Subrogation is a term that's understood in insurance and legal circles but rarely by the people who hire them. Even if you've never heard the word before, it is in your self-interest to understand the steps of the process. The more information you have, the better decisions you can make with regard to your insurance company.
An insurance policy you hold is a commitment that, if something bad occurs, the business that insures the policy will make restitutions without unreasonable delay. If your vehicle is hit, insurance adjusters (and police, when necessary) determine who was at fault and that party's insurance pays out.
But since figuring out who is financially responsible for services or repairs is usually a confusing affair – and delay sometimes compounds the damage to the victim – insurance firms often opt to pay up front and figure out the blame later. They then need a path to regain the costs if, in the end, they weren't in charge of the expense.
Let's Look at an Example
Your bedroom catches fire and causes $10,000 in house damages. Fortunately, you have property insurance and it pays out your claim in full. However, the assessor assigned to your case discovers that an electrician had installed some faulty wiring, and there is reason to believe that a judge would find him liable for the loss. You already have your money, but your insurance company is out all that money. What does the company do next?
How Subrogation Works
This is where subrogation comes in. It is the process that an insurance company uses to claim reimbursement after it has paid for something that should have been paid by some other entity. Some companies have in-house property damage lawyers and personal injury attorneys, or a department dedicated to subrogation; others contract with a law firm. Ordinarily, only you can sue for damages to your person or property. But under subrogation law, your insurance company is considered to have some of your rights for making good on the damages. It can go after the money that was originally due to you, because it has covered the amount already.
Why Should I Care?
For starters, if you have a deductible, it wasn't just your insurance company that had to pay. In a $10,000 accident with a $1,000 deductible, you lost some money too – to the tune of $1,000. If your insurer is lax about bringing subrogation cases to court, it might choose to recover its costs by boosting your premiums. On the other hand, if it knows which cases it is owed and goes after those cases efficiently, it is acting both in its own interests and in yours. If all of the money is recovered, you will get your full thousand-dollar deductible back. If it recovers half (for instance, in a case where you are found 50 percent at fault), you'll typically get half your deductible back, based on the laws in most states.
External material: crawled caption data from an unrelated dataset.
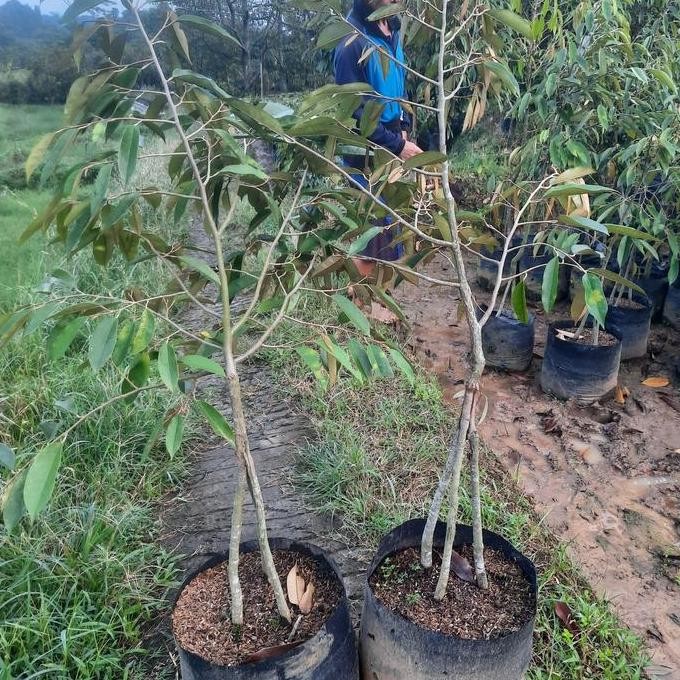 

Terlaris Bibit Durian Akar 3 Jenis Ochee Hasil Okulasi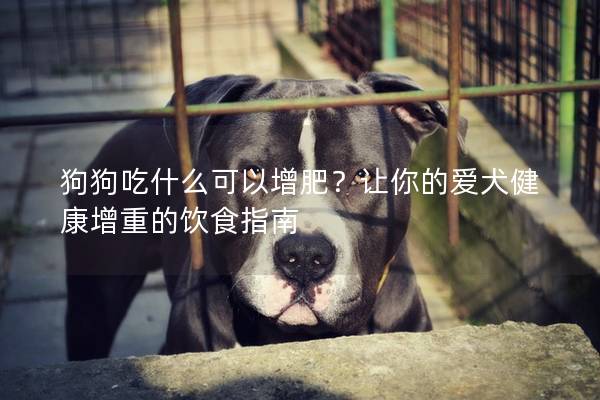 狗狗吃什么可以增肥？让你的爱犬健康增重的饮食指南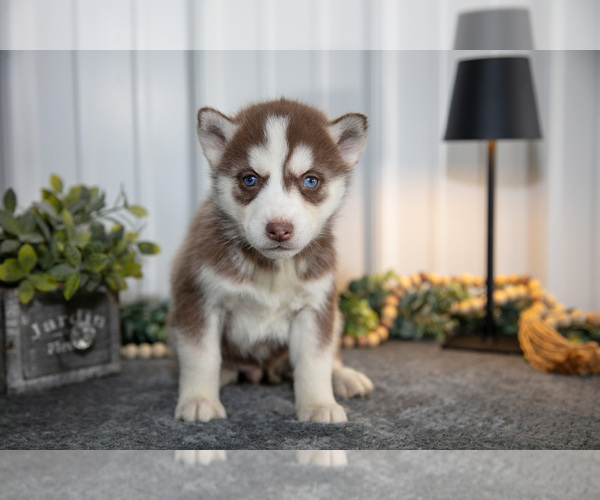 Medium Photo #14 Siberian Husky Puppy For Sale in SHREVE, OH, USA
In addition, if the total expense of an accident is over your maximum coverage amount, you may have had to pay the difference. If your insurance company or its property damage lawyers, such as immigration law firm South Jordon UT, successfully press a subrogation case, it will recover your expenses in addition to its own.
All insurers are not the same. When comparing, it's worth looking up the records of competing agencies to determine if they pursue valid subrogation claims; if they resolve those claims quickly; if they keep their policyholders posted as the case continues; and if they then process successfully won reimbursements quickly so that you can get your money back and move on with your life. If, instead, an insurance agency has a record of paying out claims that aren't its responsibility and then covering its profit margin by raising your premiums, you should keep looking.